Theorem 5.3.5. (Generalized Mean Value Theorem). If $f$ and $g$ are continuous on the closed interval $[a,b]$ and differentiable on the open interval $(a,b)$, then there exists a point $c\in(a,b)$ where$$[f(b)-f(a)]g'(c)=[g(b)-g(a)]f'(c).$$If $g'$ is never zero on $(a,b)$, then the conclusion can be stated as$$\frac{f'(c)}{g'(c)}=\frac{f(b)-f(a)}{g(b)-g(a)}.$$
*Hint: This result follows by applying the Mean Value Theorem to the function*$$h(x)=[f(b)-f(a)]g(x)-[g(b)-g(a)]f(x)$$
First of all, I know that the Mean Value Theorem (MVT) states that if $f:[a,b]\to\mathbb{R}$ is continuous on $[a,b]$ and differentiable on $(a,b)$, then there exists a point $c\in(a,b)$ where$$f'(c)=\frac{f(b)-f(a)}{b-a}.$$
If we assume that $h$ has the above properties, then applying the MVT to it, for some $c\in(a,b)$, would yield$$h'(c)=\frac{h(b)-h(a)}{b-a}=$$
$$\frac{[f(b)-f(a)]g(b)-[g(b)-g(a)]f(b) \quad - \quad [f(b)-f(a)]g(a)+[g(b)-g(a)]f(a)}{b-a}=$$
$$[f(b)-f(a)]\left(\frac{g(b)-g(a)}{b-a}\right) \quad - \quad[g(b)-g(a)]\left(\frac{f(b)-f(a)}{b-a}\right)=$$
$$[f(b)-f(a)]g'(c) \quad - \quad [g(b)-g(a)]f'(c).$$This is the best I could achieve; I have no clue on how to reach the second equation in the above theorem.

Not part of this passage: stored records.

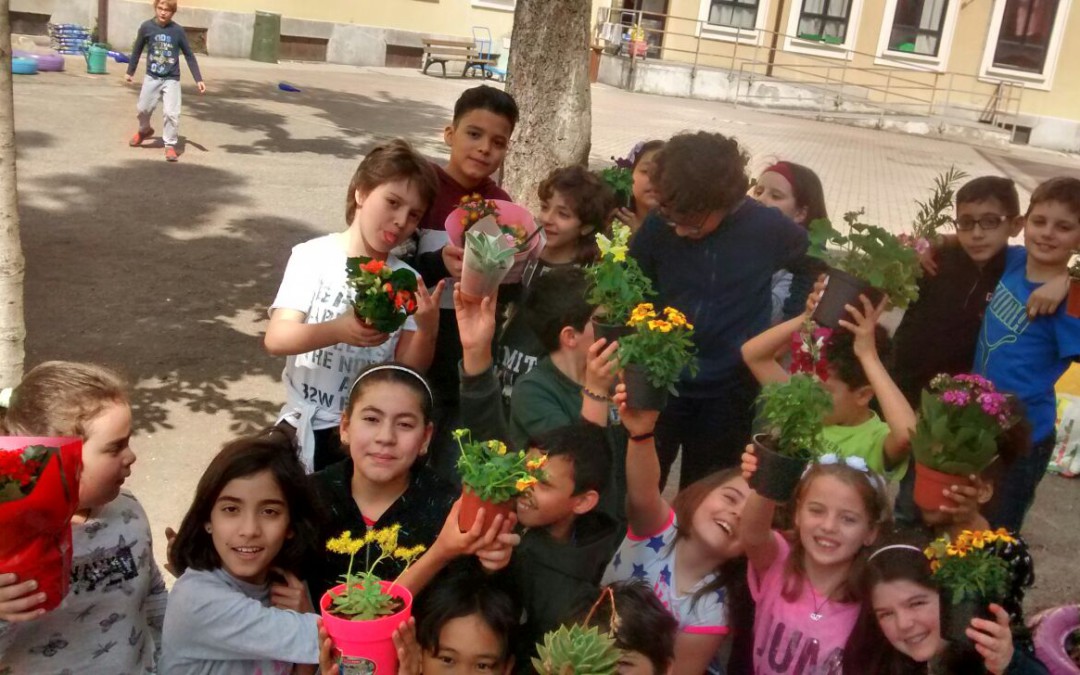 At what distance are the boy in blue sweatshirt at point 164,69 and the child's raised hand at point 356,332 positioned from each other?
29.6ft

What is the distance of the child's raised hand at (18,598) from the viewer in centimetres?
218

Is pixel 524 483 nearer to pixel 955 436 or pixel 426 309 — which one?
pixel 426 309

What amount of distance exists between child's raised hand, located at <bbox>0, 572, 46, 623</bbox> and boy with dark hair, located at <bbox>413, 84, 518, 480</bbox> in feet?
4.44

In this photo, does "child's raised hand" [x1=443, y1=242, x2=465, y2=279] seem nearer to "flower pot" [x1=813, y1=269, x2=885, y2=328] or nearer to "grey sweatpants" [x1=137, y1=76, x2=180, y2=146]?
→ "flower pot" [x1=813, y1=269, x2=885, y2=328]

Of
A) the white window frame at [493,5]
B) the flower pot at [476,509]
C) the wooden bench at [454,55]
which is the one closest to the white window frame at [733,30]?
the white window frame at [493,5]

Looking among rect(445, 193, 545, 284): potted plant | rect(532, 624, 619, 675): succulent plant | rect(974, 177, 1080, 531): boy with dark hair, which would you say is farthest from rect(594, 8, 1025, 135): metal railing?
rect(532, 624, 619, 675): succulent plant

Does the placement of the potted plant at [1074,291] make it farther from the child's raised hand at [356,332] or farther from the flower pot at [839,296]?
the child's raised hand at [356,332]

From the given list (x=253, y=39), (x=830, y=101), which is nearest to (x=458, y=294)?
(x=253, y=39)

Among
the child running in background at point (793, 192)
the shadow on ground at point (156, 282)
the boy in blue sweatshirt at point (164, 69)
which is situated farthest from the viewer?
the boy in blue sweatshirt at point (164, 69)

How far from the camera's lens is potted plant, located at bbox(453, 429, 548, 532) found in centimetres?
231

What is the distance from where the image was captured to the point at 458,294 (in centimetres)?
311

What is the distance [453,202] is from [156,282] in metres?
4.47

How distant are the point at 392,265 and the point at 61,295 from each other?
14.9 ft

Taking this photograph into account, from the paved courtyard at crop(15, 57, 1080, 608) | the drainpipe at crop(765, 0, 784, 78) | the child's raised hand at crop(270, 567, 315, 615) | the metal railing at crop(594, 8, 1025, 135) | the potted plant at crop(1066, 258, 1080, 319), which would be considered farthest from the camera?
the drainpipe at crop(765, 0, 784, 78) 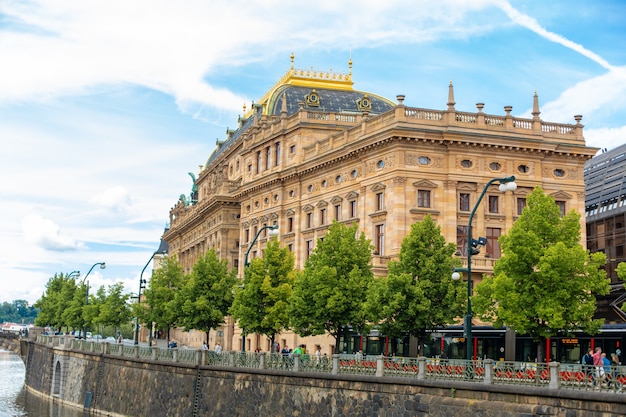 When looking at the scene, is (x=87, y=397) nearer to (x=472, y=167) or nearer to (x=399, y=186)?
(x=399, y=186)

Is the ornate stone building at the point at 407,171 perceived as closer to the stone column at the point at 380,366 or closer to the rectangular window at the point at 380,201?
the rectangular window at the point at 380,201

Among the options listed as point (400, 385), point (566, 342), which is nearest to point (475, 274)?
point (566, 342)

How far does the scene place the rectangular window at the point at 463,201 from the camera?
59.5 metres

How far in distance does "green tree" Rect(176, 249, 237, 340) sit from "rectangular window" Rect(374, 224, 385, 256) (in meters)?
13.5

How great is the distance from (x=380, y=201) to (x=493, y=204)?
7794mm

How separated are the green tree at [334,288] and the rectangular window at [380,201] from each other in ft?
31.9

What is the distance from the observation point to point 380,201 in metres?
60.6

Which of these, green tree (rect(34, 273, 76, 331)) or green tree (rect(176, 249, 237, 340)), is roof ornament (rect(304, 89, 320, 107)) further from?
green tree (rect(34, 273, 76, 331))

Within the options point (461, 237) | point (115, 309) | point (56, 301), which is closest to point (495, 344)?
point (461, 237)

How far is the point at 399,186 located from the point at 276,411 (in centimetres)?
2318

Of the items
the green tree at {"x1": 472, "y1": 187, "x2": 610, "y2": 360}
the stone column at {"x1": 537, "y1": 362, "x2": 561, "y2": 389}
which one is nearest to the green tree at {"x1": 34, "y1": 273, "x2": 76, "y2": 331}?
the green tree at {"x1": 472, "y1": 187, "x2": 610, "y2": 360}

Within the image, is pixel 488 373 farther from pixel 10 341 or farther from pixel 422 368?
pixel 10 341

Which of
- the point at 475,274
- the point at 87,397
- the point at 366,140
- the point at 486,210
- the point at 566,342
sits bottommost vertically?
the point at 87,397

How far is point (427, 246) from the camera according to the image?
4497 cm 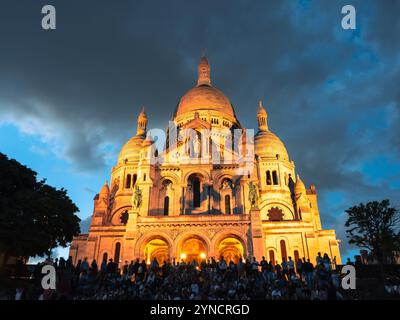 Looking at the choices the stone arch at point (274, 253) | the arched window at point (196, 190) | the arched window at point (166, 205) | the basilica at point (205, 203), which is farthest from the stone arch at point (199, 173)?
the stone arch at point (274, 253)

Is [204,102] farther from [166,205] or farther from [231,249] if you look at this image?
[231,249]

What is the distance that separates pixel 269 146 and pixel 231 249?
20012 mm

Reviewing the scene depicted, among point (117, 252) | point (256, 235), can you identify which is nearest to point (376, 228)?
point (256, 235)

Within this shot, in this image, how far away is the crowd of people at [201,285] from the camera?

Do you guys have any ideas? Thanks in advance!
Solution 1:
Note that $$\begin{eqnarray}h(a)&=&[f(b)-f(a)]g(a)-[g(b)-g(a)]f(a)\\ &=&f(b)g(a)-g(b)f(a)\\ &=&[f(b)-f(a)]g(b)-[g(b)-g(a)]f(b)\\ &=&h(b)\end{eqnarray}$$ and so $h'(c)=0$ for some point $c\in (a,b)$. Then differentiate $h$ normally and note that this makes $c$ the desired point.
Solution 2:
NOTE:
You should calculate out $h(b) - h(a)$. You'll immediately see that you are done.